As a recent student of gross anatomy (in undergrad at least) and future lab assistant for that same class next year I knew this book would be right up my alley. Granted, in college we only dissect cats, but it was so neat to know exactly every anatomical detail that the author writes about because it was so fresh on my mind. People are often surprised that dental students also take part in this task just like medical students. Also, as I’m considering a career in oral and maxillofacial surgery that might lead me to completing an M.D. degree including different surgical rotations as well, I’m deeply intrigued by how anatomy and first learning through dissection is the absolute foundation to studying surgery.
Seriously, any and all future doctors out there need to read this book because it brings to light a lot of things that most people shy away from actually talking about. Christine discusses the history of cadaveric dissection, the fine balance between extreme detachment and engaging compassion required of physicians, the ethical questions of how students go about their first clinical experiences, and how other cultures of the world view dissection in much different ways. Here’s part one of some of the quotable passages that really resonated with me.

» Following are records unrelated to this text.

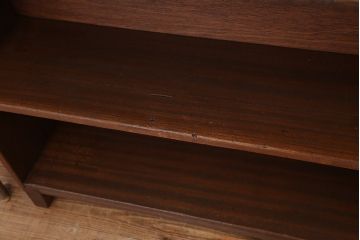 アンティーク家具　アンティーク　古い学校の脚付き本棚(8)(飾り棚・陳列棚)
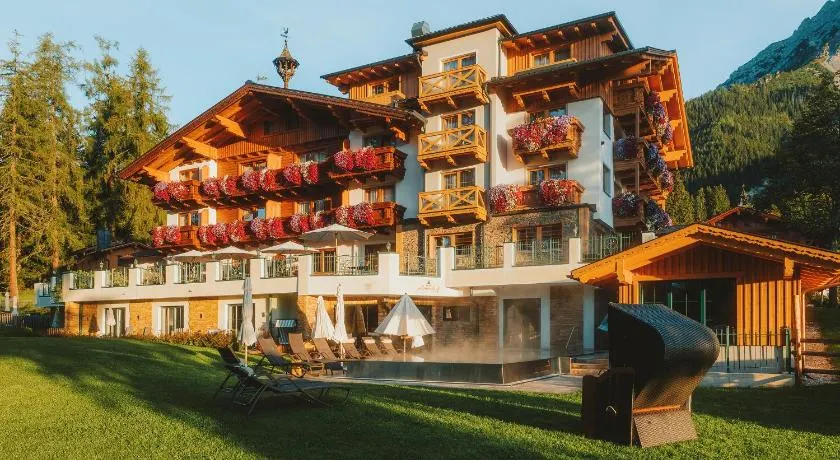 Hotel Lindenhof - Image 1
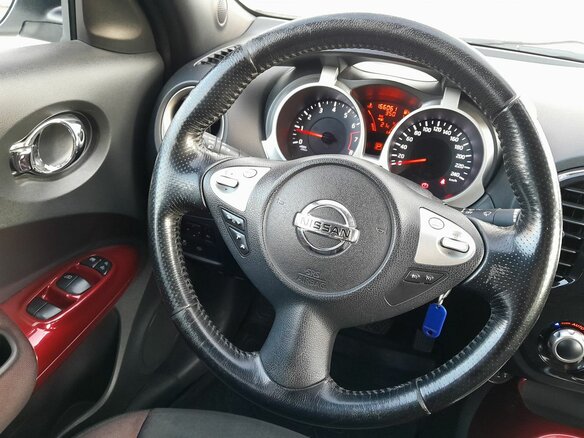 2011 Nissan Juke I, белый - вид 13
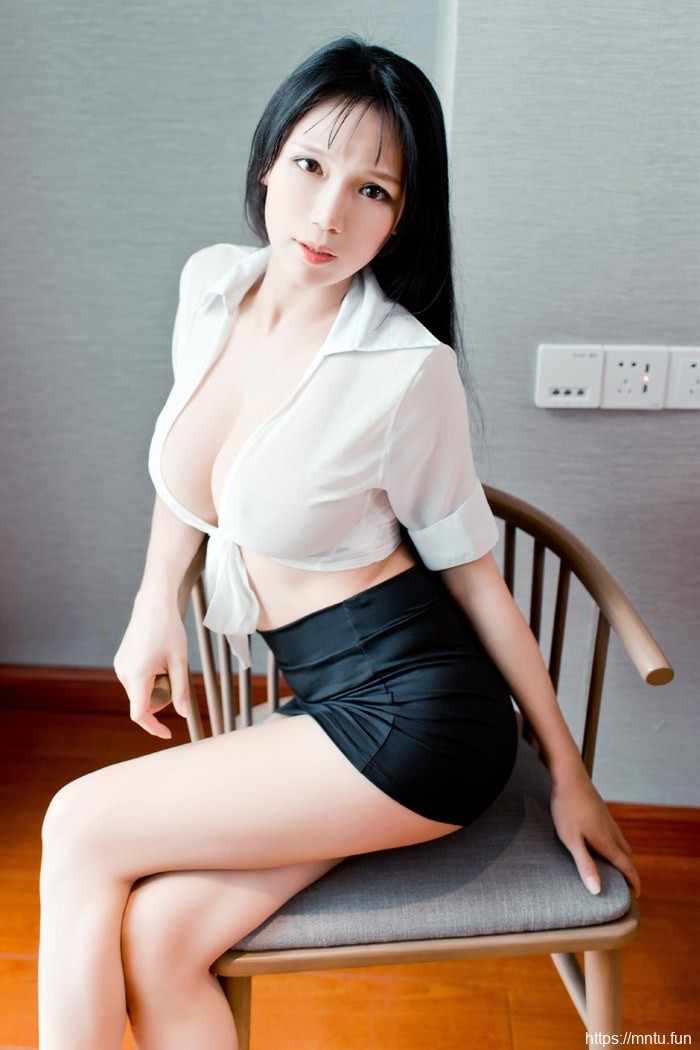 巨乳人妻短裙诱惑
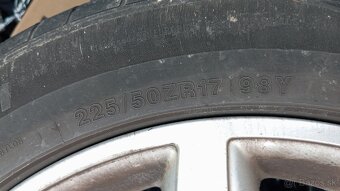 Letné pneu na diskoch 225/50ZR17 pre Octavia 2 - 2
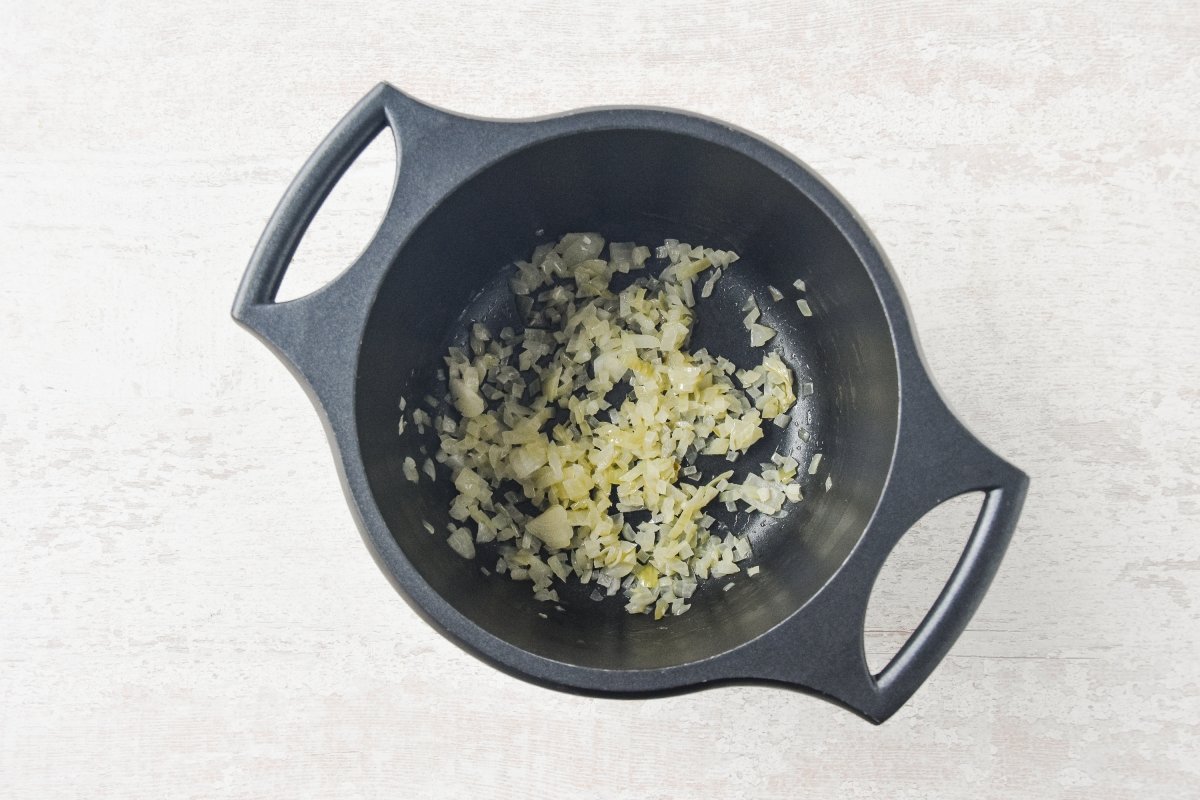 Sofreímos la cebolla y el ajo para la sopa de champiñones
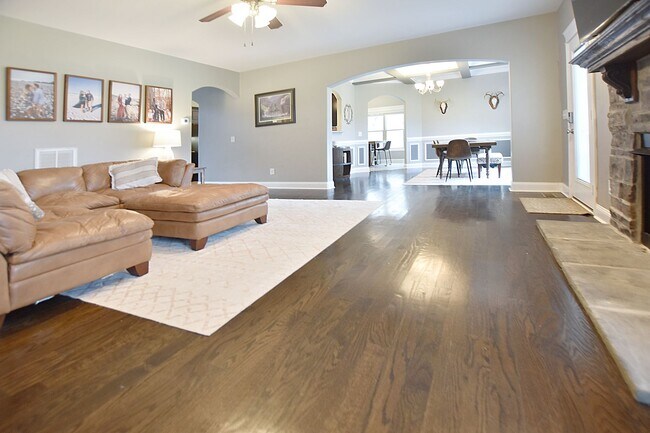 Building Photo - Pet Friendly Five Bedroom!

Don’t worry, I tried to leave out some of the explicit and graphic imagery for any non-medical type readers, but the way she writes about anatomy makes it sound more like fine literature or art.
I have learned that the body and mind are not as easily separable as I had once imagined and that the treatment of one nearly always demands an understanding of the other.

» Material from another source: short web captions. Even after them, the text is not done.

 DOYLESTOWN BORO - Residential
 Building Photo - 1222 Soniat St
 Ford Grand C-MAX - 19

My medical training thus far has put me in positions of both omnipotence and powerlessness, has revealed stark clarity and confounding darkness, has made me a vehicle of hope one day and of despair the next.
Of everything beside me, the teeth are what make the body seem the most real.
The most alarming moments of anatomy are not the bizarre, the unknown. They are the familiar.
The hands, feet, and heads are parts of the body that are instilled with character.
The emergence of the muscles is an introduction to the promise of discovery, of clarity beneath disorder.
One of the strangest things about dissecting a human body is the difference between a human body and a human being – in some ways readily identifiable and in others barely perceptible.
In order to dissect, we detach from what we are doing, and that detachment is easier to accomplish in a crowd.
You come to medical school like anyone else and then within the first week three things happen that differentiate you from everyone else you know. You touch and cut dead bodies. You are able to ask private and socially inappropriate questions of people, and they answer you. And you can suddenly walk into a hospital room, ask someone to take off his clothes, and he will do it.
With only a few days of medical school knowledge, I am suddenly fielding phone calls about hysterectomy options and back pain and ear infections. Unless any of my loved ones has a pressing question about how to find their angle of Louis or how to histologically differentiate the upper and lower layers of the skin, I’m of no help whatsoever.
Medicine relies upon a balance that is hushed and ill-defined.
The distribution of responsibility – often heavily weighted toward trainees – is rarely made overtly clear to patients, for the precise reason that so few would agree to that arrangement if it was.
All surgical procedures seem barbaric to an extent. I quickly would become able to accept even the most horrible-appearing surgical procedure once I could rationalize that the procedure was, in the long run, beneficial.
There will be more to come from the second part of the book soon.